System stabilization device {APPARATUS FOR STABILIZATING OF PWER SYSTEM}

The present invention relates to a system stabilization apparatus using a local control method.

1 is a diagram schematically illustrating a system device according to the prior art. Referring to FIG. 1, in the conventional case, solar light, energy storage system (ESS), etc. are individually controlled to stably operate the system voltage. It was difficult to do. Most of the facilities that supply power to the grid, such as photovoltaics systems (PVs) and ESS, were private property and could not be controlled. Therefore, the ESS, which acts as a damper for electric power flowing into the system, operates separately, and thus, control over charging/discharging is sporadically performed. For this reason, there are cases in which the ESS capacity is insufficient. In this case, there is a limitation in that the grid voltage becomes unstable due to power flowing from renewable energy sources such as PV. In addition, when the SG (smart grid) and MG (micro grid) methods are used, it is necessary to install measurement equipment for the load and power generation source, which inevitably increases the system operation cost.

The above-described background technology is technical information possessed by the inventor for derivation of the present invention or acquired in the derivation process of the present invention, and is not necessarily known to be known to the public prior to filing the present invention.

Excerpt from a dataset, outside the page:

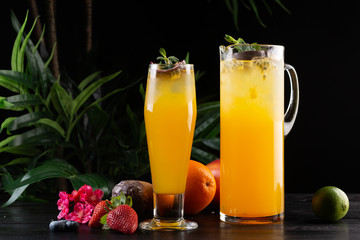 Mango lemonade - passion fruit in a jug and a glass and fruit on a dark wooden background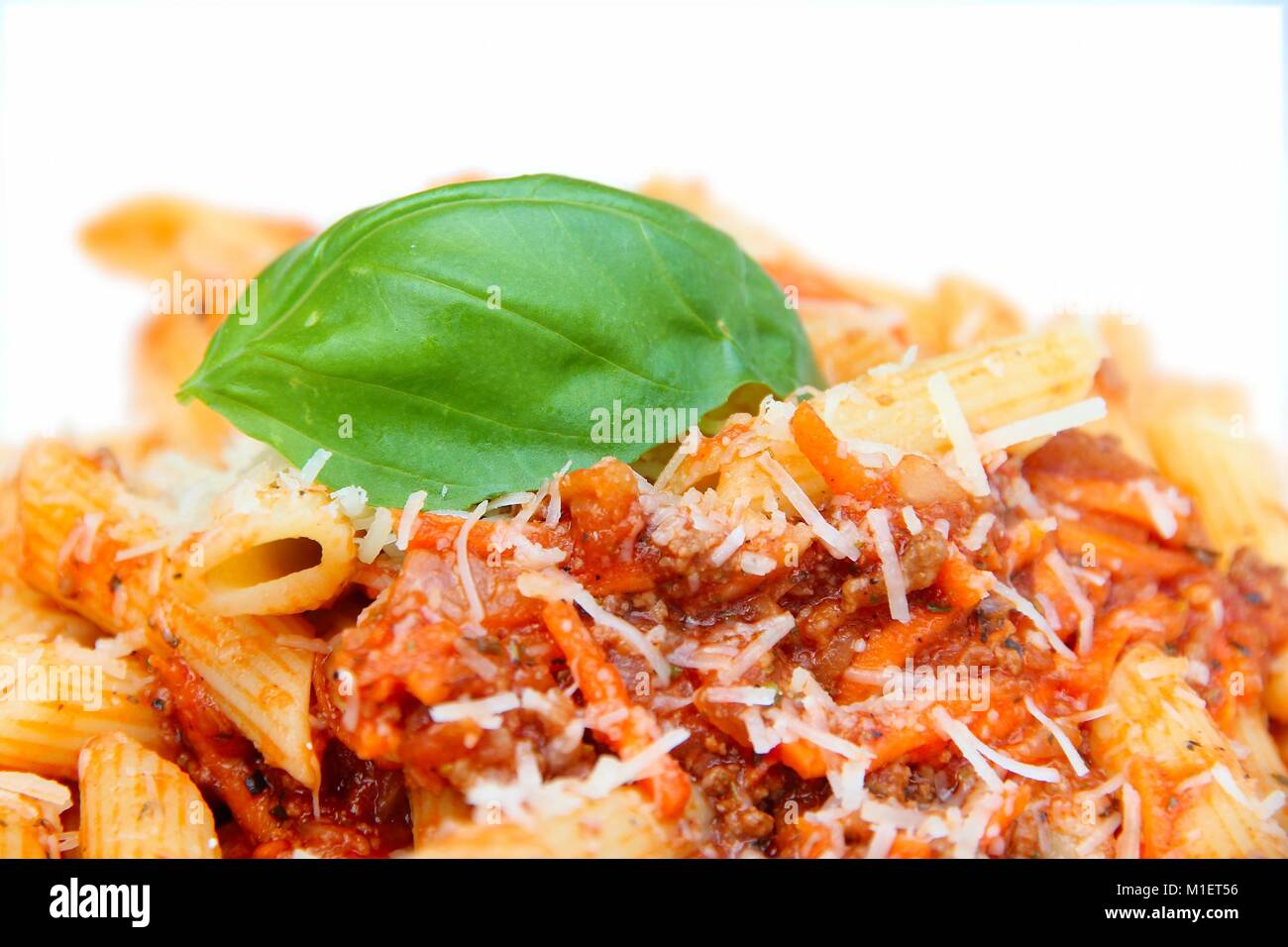 Pasta plate in a restaurant penne with tomato sauce, minced meat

Korean Patent Publication No. 2018-0124182

The present invention was conceived to solve the above-described problems and/or limitations, and an object of the present invention according to an aspect is to measure and control the receiving and shear voltage of an ESS operated in a local control center (LCC) to install a measuring device. It is to reduce the quantity.

An object of the present invention according to another aspect is to secure the reliability of a line at a distribution end by using a voltage control method.

An object of the present invention according to another aspect is to enable connection of new and renewable energy such as PV without increasing the line capacity by utilizing the ESS installed in the LCC.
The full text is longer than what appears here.